A southern Brooklyn artist is decorating the windows of Bay Ridge businesses with local landmarks and encouraging messages to spark joy amid the coronavirus outbreak.
“What better time than ever to put up inspirational words thanking essential workers and putting up art for people to just be able to pass by and make them feel better about their everyday current, abnormal lives we are in,” said Alicia Degener, whose artwork has often paid homage to Brooklyn and her neighborhood, Bay Ridge.
For her first installment, Degener painted the Statue of Liberty and uplifting notes on the windows of Bubbles and Suds Laundromat on Fifth Avenue. The painting, she hoped, would help bring her neighbors together, she said.
“I wanted to bring a sense of community,” she said.
The painting garnered attention, inspiring about ten more neighborhood businesses to sign up for a personalized window painting and prompting Degener to enlist the help of friends.
“We have a long list of other businesses on Fifth Avenue that I will have my local artist Bay Ridge friends come do,” Degener said. “We are happy to share a sense of community and not to feel so down.”
The urban landscape artist said the she came up with window painting project after she posted photos of her art to the Bay Ridge Facebook page, and the photos began getting traction.
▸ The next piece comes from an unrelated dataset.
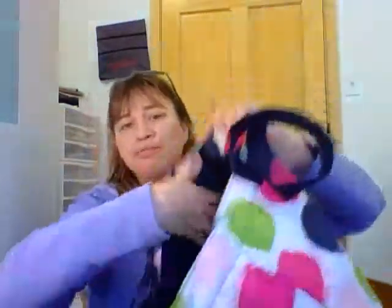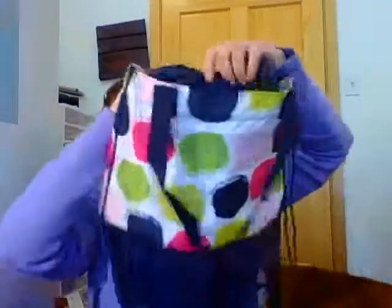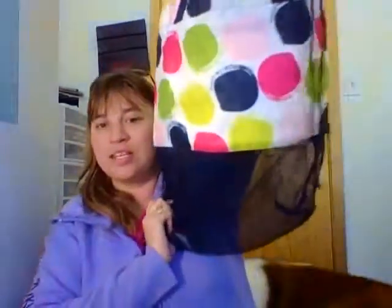It's still a nice big open bag, and then you got your cinch top on the sides here. Right where it folds down are your cinch cords, and there you go — cinch top up. There's nothing in it so it's not cinching real big, but this is a nice big size.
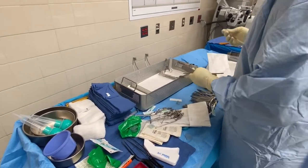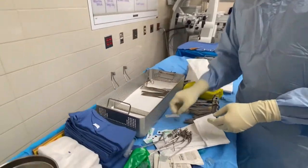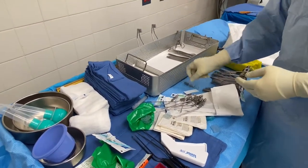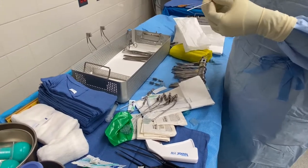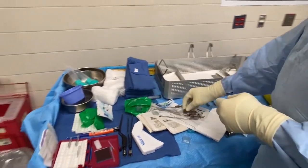This is called ribbon — malleable retractors. Put one of them in the middle, then put the rest right here. For your suctions, never get rid of them — always arrange them in size order so if the doctor asks for a smaller version you already know what to grab.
“When we went into the shelter-in-place situation here in New York City, I had the idea to start posting my artwork of Bay Ridge to a Bay Ridge Facebook site,” Degener said. “Some of the comments people put are just really wonderful, it made me feel better myself.”
The project has been keeping her busy through the pandemic, she said, but she’s also noticed that more people are purchasing artwork from her online shop as they consume artwork to help cheer them up.
“Everybody is home and they want things to make them feel happy so they are ordering tons of Bay Ridge art and things like that so I am busier than ever,” Degener said, stressing that she’d give it all up “to go back to normal life.”
Degener’s window project has been partially funded by the Fifth Avenue Business Improvement District, who pitched in for Degener’s supplies.